By David Willey
BBC News, Rome
There were no reported deaths or injuries following the blaze
At first sight, it looked like a recreation of the legendary burning of the city of Rome under the reign of the Emperor Nero in 64AD.
Flames suddenly leapt 30 and 40 metres high into the hot and humid summer-night air from a storage facility at Cinecitta (Film City).
These are the studios on the southern outskirts of the Italian capital where many epic films about ancient Rome have been shot.
The Cleaopatra set under construction at Cinecitta in 1961
Quo Vadis (1949) was made here, as was Ben Hur (1958), directed by William Wyler.
Police said the store where the fire started contained large quantities of highly inflammable synthetic materials.
The fire broke out on the set of Rome, a completed joint HBO and BBC mini-series on the ancient empire.
The main set, which also includes a mock Roman forum, was not destroyed, but some other parts were heavily damaged, HBO spokeswoman Mara Mikialian said.
She added that shooting of the second series of Rome had been already completed.
Part of a sprawling film set representing the ancient city went up in smoke before firefighters could douse the blaze.
The studios are based a few kilometres from the Italian capital
Rome's fire chief feared the flames would spread to the densely-populated neighbourhood next to the spacious studio compound.
It took three hours to bring the blaze under control.
But according to the head of the studios, Francesco Carducci Artenisio, only a small section of the Cinecitta complex was affected by the fire and future productions will not be compromised.

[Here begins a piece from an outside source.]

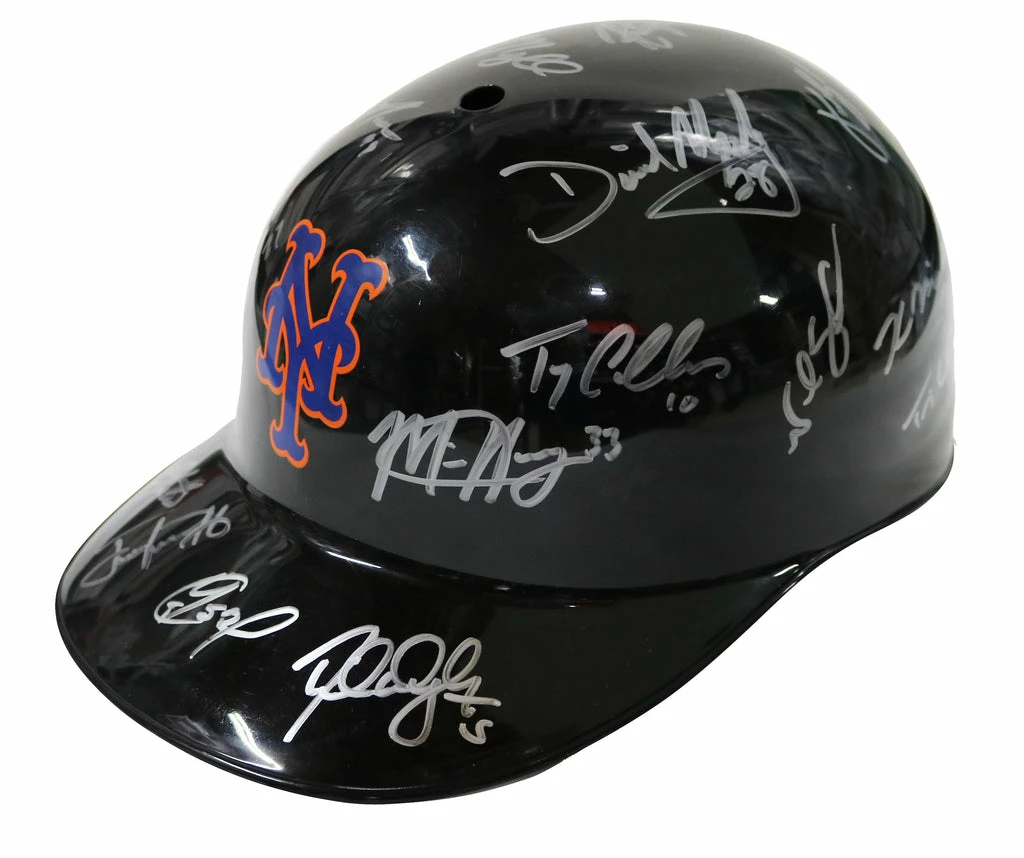 Sports-Autographs New York Mets 2015 World Series Team Signed Autographed Souvenir Full Size Batting Helmet Authenticated Ink COA - DeGrom Wright Syndergaard 2 Sports-Autographs New York Mets 2015 World Series Team Signed Autographed Souvenir Full Size Batting Helmet Authenticated Ink COA - DeGrom Wright Syndergaard - Image 2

The cause of the fire is believed to have been an electrical short circuit, although investigators have not yet entirely ruled out the possibility of arson.
Valuable archives
Cinecitta was the brainchild of Italy's Fascist dictator Benito Mussolini. It was to be the biggest film studio complex in Europe.
He personally opened the studios - built in what was then open countryside, nine kilometres from the city centre - in April 1937.
The fire began in a store which had been used for film sets
The original complex contained 73 buildings and 16 sound stages set amid acres of gardens.
Mussolini also set up his propaganda documentary and news film unit here.
Today it contains one of the most valuable film archives of the events of the 1920s and 1930s.
In Cinecitta's first six years of existence, more than 300 full-length feature films were produced, under the direction of such famous film-makers as Roberto Rosellini, Vittorio de Sica and Luchino Visconti.
Pier Paolo Pasolini and Federico Fellini also worked at Cinecitta.
Expensive makeover
In the 1950s Cinecitta was dubbed "Hollywood on the Tiber".
Dame Elizabeth Taylor and Richard Burton were among the Hollywood stars who liked to film in Rome.
But by the 1990s cheaper locations in more exotic countries attracted Hollywood film-makers more, and Cinecitta fell on hard times.
More recently the studios had an expensive makeover to enable them to offer facilities for smaller-budget TV productions.
But big-budget films do continue to be produced in Rome - American director Martin Scorsese came to Cinecitta to shoot Gangs of New York, starring Daniel Day-Lewis and Leonardo DiCaprio.